Start of Supplied data

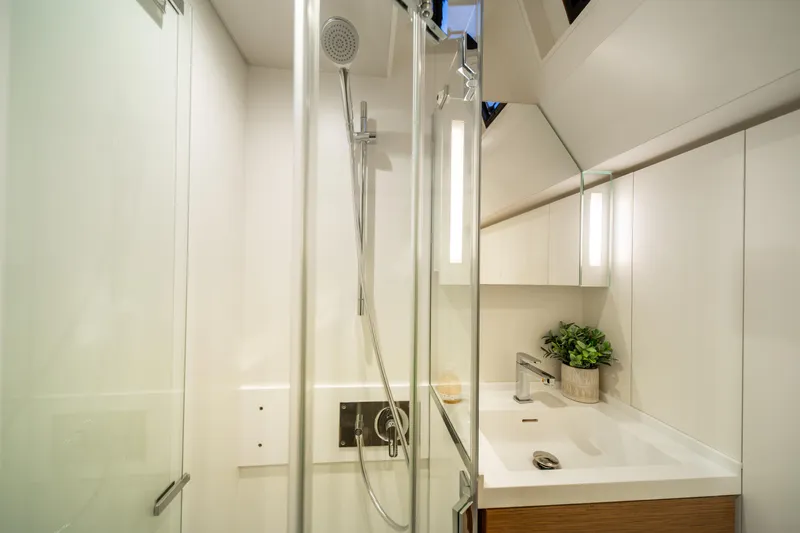 Fortitude Yacht Photos Pics Modern bathroom with glass shower, sleek sink, and plant decor in a 2021 CNB 66 yacht.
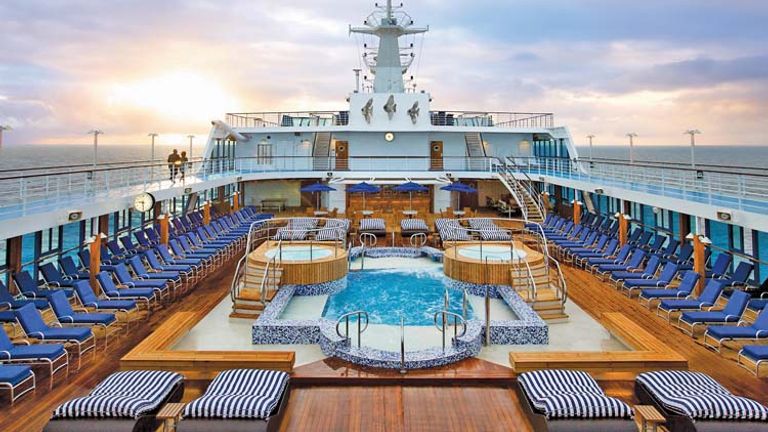 After: The pool area now boasts striking white and blue mosaic tile designs, new lounge furniture and a golden teak deck. // © 2014 Oceania Cruises
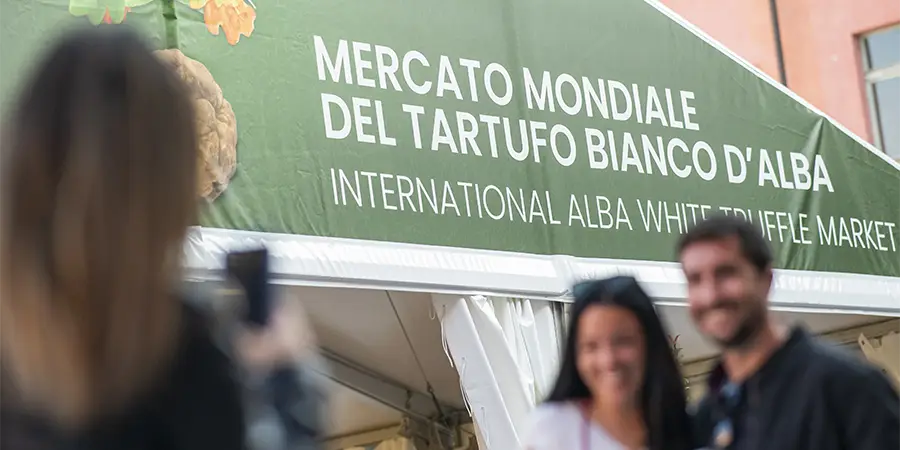 A couple in front of Tartufo Bianco d'Alba Market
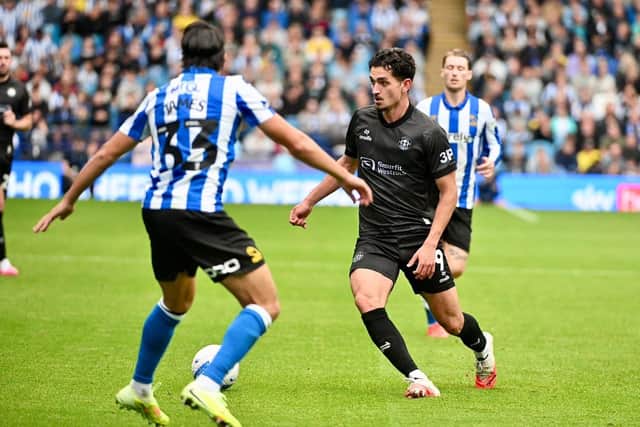 Sonny Perkins competes for the ball at Hillsborough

End of Supplied data

_Try it_. Repeat the listing above exactly, omitting the pictures it contains.

_Your solution_.
 Fortitude Yacht Photos Pics Modern bathroom with glass shower, sleek sink, and plant decor in a 2021 CNB 66 yacht.
 After: The pool area now boasts striking white and blue mosaic tile designs, new lounge furniture and a golden teak deck. // © 2014 Oceania Cruises
 A couple in front of Tartufo Bianco d'Alba Market
 Sonny Perkins competes for the ball at Hillsborough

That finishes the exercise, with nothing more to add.